4. REPRESENTATIONS AND WARRANTIES
Each of the Credit Parties hereby represents and warrants that, after
giving effect to this Amendment, all of its representations in the Loan
Documents are true and correct as of the date hereof in all material respects
(except to the extent such representations and warranties specifically relate to
an earlier date, in which case such representations and warranties shall be true
and correct as of such earlier date, and except for changes after the Closing
Date which are not prohibited by any Loan Document).
5. MISCELLANEOUS
5.1. FEES AND EXPENSES. The Credit Parties, jointly and severally,
agree to pay all reasonable out-of-pocket costs, fees and expenses of each of
the Lenders and the Agent in connection with the preparation of this Amendment
and the transactions contemplated thereby, including, without limitation, all
reasonable legal fees and expenses of Xxxxxxxx & Xxxxxxxx LLP, counsel to the
Lenders and the Agent.
5.2. WAIVER OF JURY TRIAL. EACH OF THE PARTIES TO THIS AMENDMENT HEREBY
IRREVOCABLY WAIVES ALL RIGHT TO A TRIAL BY JURY IN ANY ACTION, PROCEEDING OR
COUNTERCLAIM ARISING OUT OF OR RELATING TO THIS AMENDMENT OR THE OTHER LOAN
DOCUMENTS.
5.3. SEVERABILITY. Wherever possible, each provision of this Amendment
shall be interpreted in such manner as to be effective and valid under
Applicable Law, but if any provision of this Amendment shall be prohibited by or
invalid under Applicable Law, such provision shall be ineffective to the extent
of such prohibition or invalidity, without invalidating the remainder of such
provision or the remaining provisions of this Amendment.

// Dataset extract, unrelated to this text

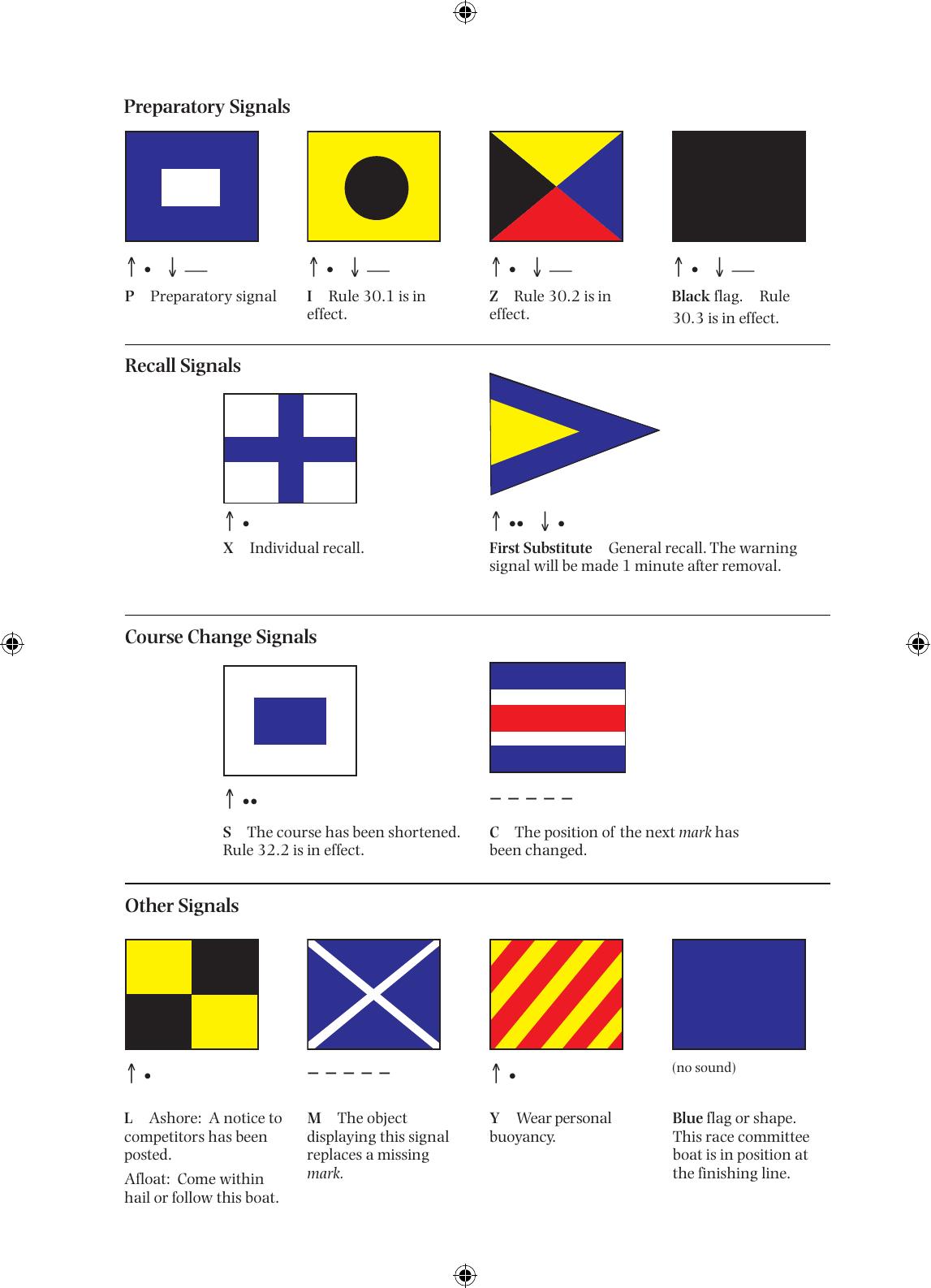 The Racing Rules of Sailing 2005-2008 — страница 2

5.4. BINDING EFFECT; BENEFITS. This Amendment and the other Loan
Documents shall be binding upon, and inure to the benefit of, the successors of
each Credit Party and each Lender and the assigns, transferees and endorsees of
each Lender.
5.5. CONFLICT OF TERMS. Except as otherwise provided in this Amendment
or any of the other Loan Documents by specific reference to the applicable
provisions of this Amendment, if any provision contained in this Amendment is in
conflict with, or inconsistent with, any provision in any of the other Loan
Documents, the provision contained in this Amendment shall govern and control.
5.6. GOVERNING LAW. This Amendment shall be governed by, and construed
and enforced in accordance with, the laws of the State of New York applicable to
contracts made and performed in such state.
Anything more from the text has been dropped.